Souren Melikian adds some further details to the Chinese Ceramics and Works of Art sales, solving the mystery of the runaway bidding on some of the lots in the Asia week sales. New buyers are piling into the Chinese market from the Mainland pursuing works with Imperial connections and important provenance like that of Arthur Sackler, even if the best of Sackler’s collections are long since in museums. Of course, in Melikian’s universe the new collectors are all dupes with more money than sense even when they’re being advised by first-tier dealers:N
So keen are the new buyers that they miss no sale, however humble. On Sept. 14, at the very moment when the Sackler objects were coming up at Christie’s, Doyle, the neighborhood auction house on the Upper East Side of Manhattan, was holding its own modest sale of Chinese art. To the bewilderment of the dealers I spoke to, a white vase with molded patterns from the Jiajing period (1796-1820), expected to be knocked down between $30,000 and 50,000, ascended to $590,000 plus the sale charge. The winner was the Hong Kong dealer Bryan Chow, who only made rare appearances in New York until this year. At that price, he cannot have been buying for stock, but only for a new collector not bothered by the late period shunned by traditional connoisseurs, who regard it as repetitive and decadent.
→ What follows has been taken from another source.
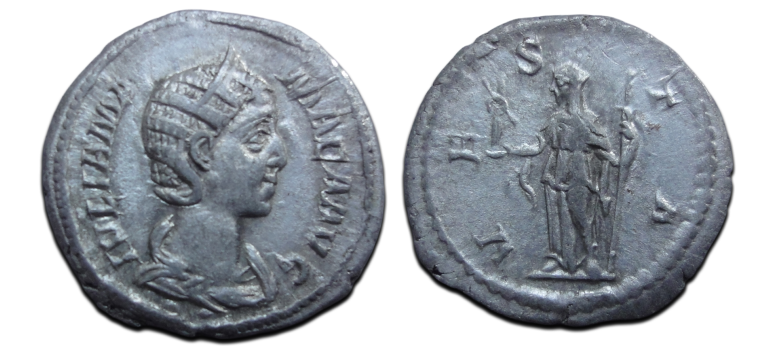 Julia Mamaea - denarius VESTA (AP2643)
Even more intriguingly, a blue and white vase with the Qianlong reign mark (1735-96), deemed by Doyle to be worth $2,000-$3,000, realized $550,000. True, Doyle’s expert questioned the validity of the reign mark and cataloged the vase as a 19th-century work. Experienced dealers, on the other hand, did not share these doubts. Giuseppe Eskenazi of London, the world leader in Chinese art, says that the blue and white vase is perfectly genuine, if not of special merit. It might, perhaps, have justified a $30,000 to $40,000 estimate. Intriguingly, the winner of the bidding match was William Chak, a renowned Hong Kong dealer who is highly knowledgeable about 18th-century porcelain, which he personally collects. Mr. Chak was presumably acting as an agent for a client determined to have his way, regardless of cost.